L'abbiamo sentito volare a lungo sui nostri capi, nella ventosa serenità del pomeriggio di marzo.
Saliva rapido, picchiava fulmineo, s'impennava, forava l'azzurro, ritornava a tracciar sui nostri capi volteggianti cerchi d'insuperabile abilità ... poi,d'un tratto, la voce del motore si attenua e non l'udimmo più passare sui volti riversi a guardare la meraviglia della sua intrepidità senza paragoni.
Pietro Scapinelli si era tuffato nel gran volo senza ritorno e la sua anima di poeta dell'audacia, di scavalcatore d'orizzonti, di superatore di nuvole, come una caravella aerea, che attacchi le collane siderali, saliva sola, libera, verso le supreme fissità ideali;
come è di ogni volatore, che, rotto gli indugi, spezzati i lacci che lo legano alla materia, d'un tratto saetta dalla carlinga, e si Iancia alla conquista di voli impossibili ad ala umana.
Il volo d'Icaro in fondo si ripete sempre.
Ma se la superbia della conquista umana a tratti viene piegata dal Nume non amico dell'assalto materiale alle inviolate solitudini stellari, quando è l'animo che vola, allora Essa ascende ed il Nume feroce, ingordo di vite, si placa.

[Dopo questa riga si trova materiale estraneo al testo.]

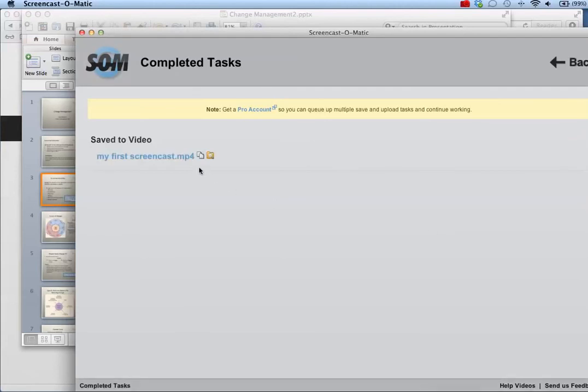When your file is saved, you're now ready to upload it to your YouTube account or upload it elsewhere to share with others. That concludes this tutorial on using Screencast-O-Matic to record a screencast.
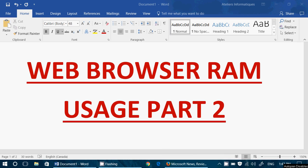Welcome to this Windows channel and this is part two of my web browser RAM usage. The reason there's a part two is because a lot of you said I didn't take into account the background processes running with the browsers. And that is true. Maybe I was tired, but I should have taken into account the background processes. So what I did, I redid the same test.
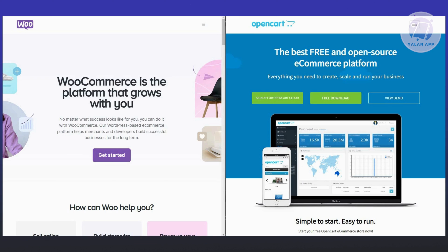First is going to be platform integrations. WooCommerce operates as a plugin for WordPress, allowing users to transform existing websites into fully functional online stores seamlessly. On the other hand, OpenCart stands independently as a complete e-commerce platform. It doesn't require pre-existing websites, making it more convenient for those starting from scratch without WordPress.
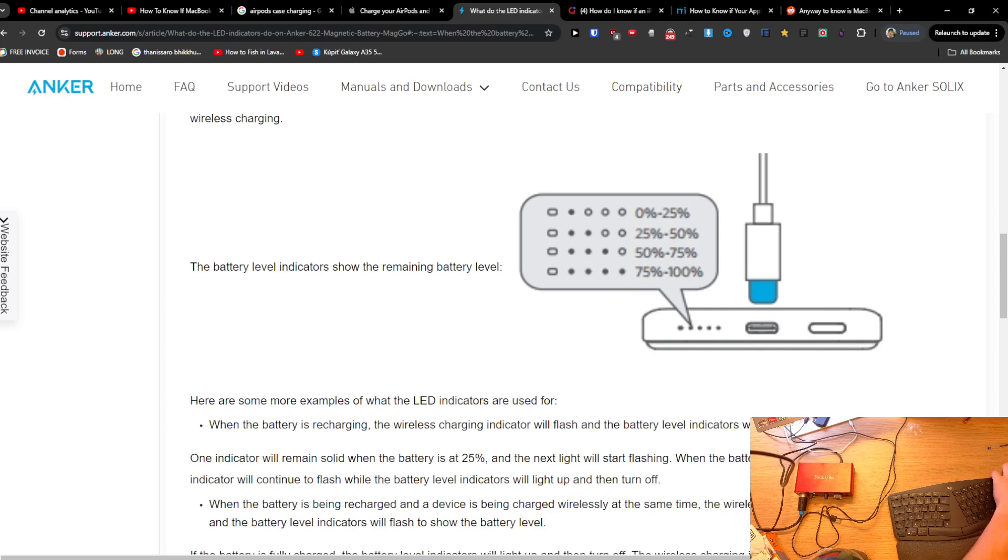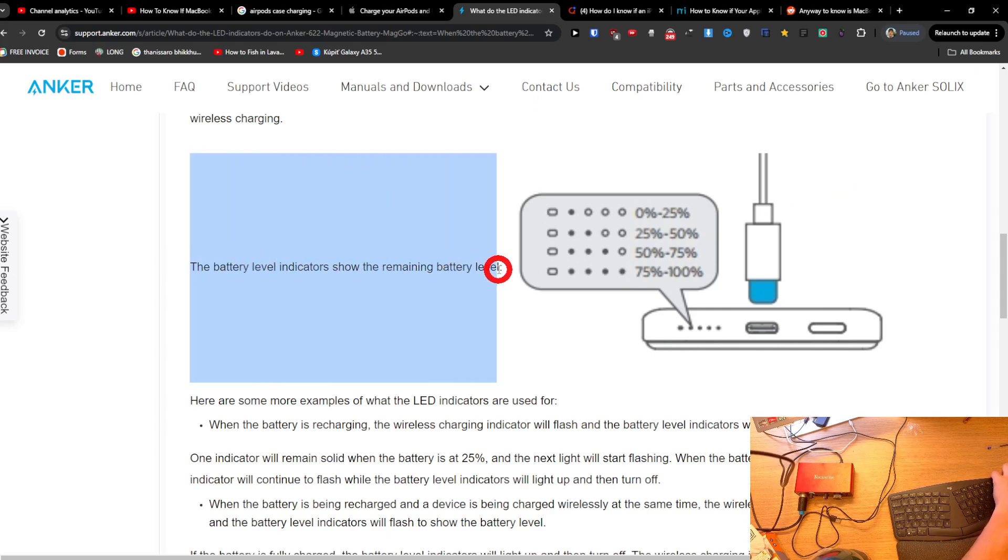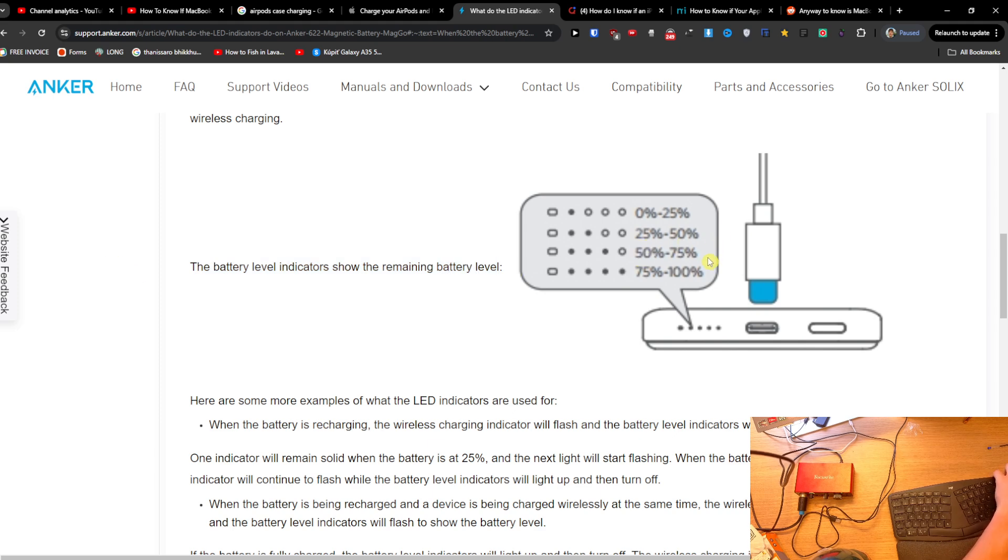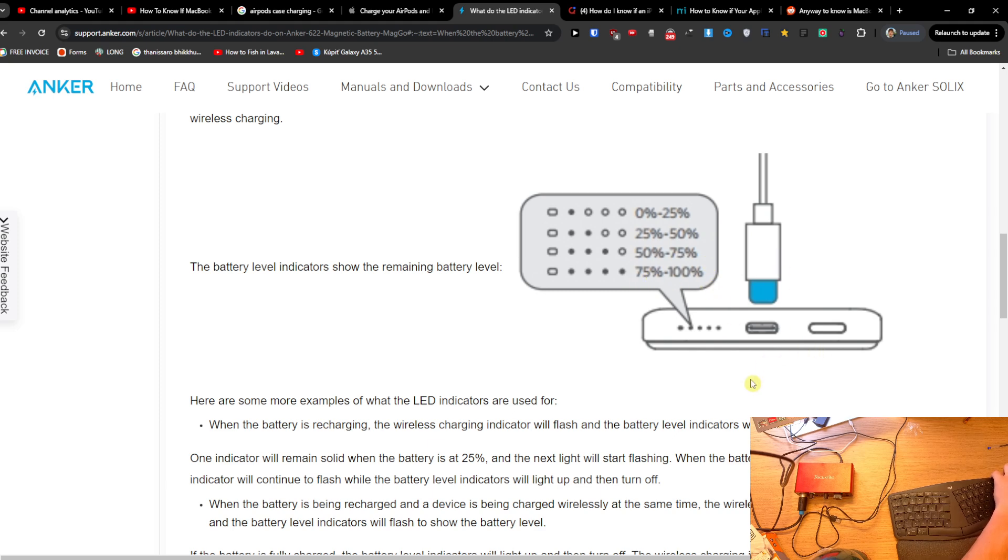Hey guys, to know if your magnetic power bank is charging, it's super simple. You can have the battery level indicator showing remaining battery level, and you're going to have 0 to 25%, 25 to 50%, 50 to 75%, 75 to 100%. And in a moment when you plug it in to charging...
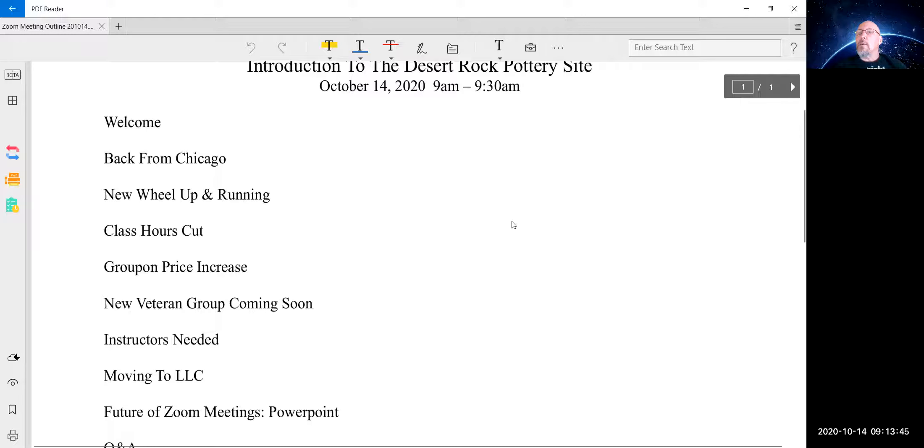So if you know of anybody who has the skills and can teach, please send them to me. You can just send them to support at desertrockpottery.com. And if they send a message to me there, I will respond. It's been so busy that sometimes I don't get to it right away, especially if an email comes in when I'm teaching a class or something. So moving on.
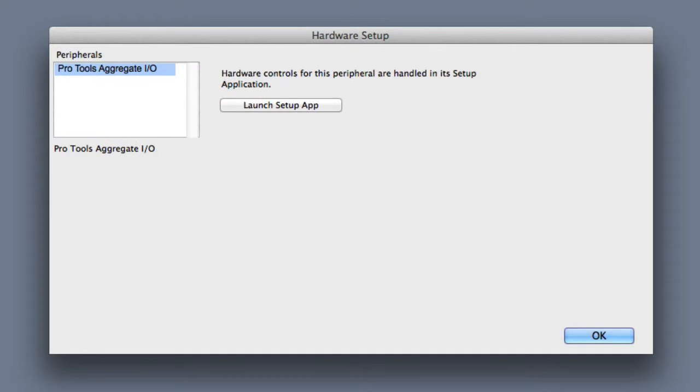If you happen to be running third-party hardware, then your hardware setup window is going to look a little bit different. In this case, I would choose the desired peripheral from the peripherals list, and then I would click Launch Setup App.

Pietro Scapinelli di Leguigno era un'anima che volava.
Non era in Lui soltanto la passione del pilota; c'era qualcosa in più: un 'immedesimazione totale con la grande ansia che lo ha sempre pervaso, insanata ed inestinguibile, insonne come che pensi che, per dormire, c'e poi tempo tutta l'eternità.
Pietro Scapinelli italiano nuovo che portava in se tutta la linfa della gente reggiana serena e forte, noncurante, anzi persino un po' sprezzante, nell'elogio, che non cerca la ricompensa, mai, e non desidera il primato che per il piacere intimo e forte di far bene.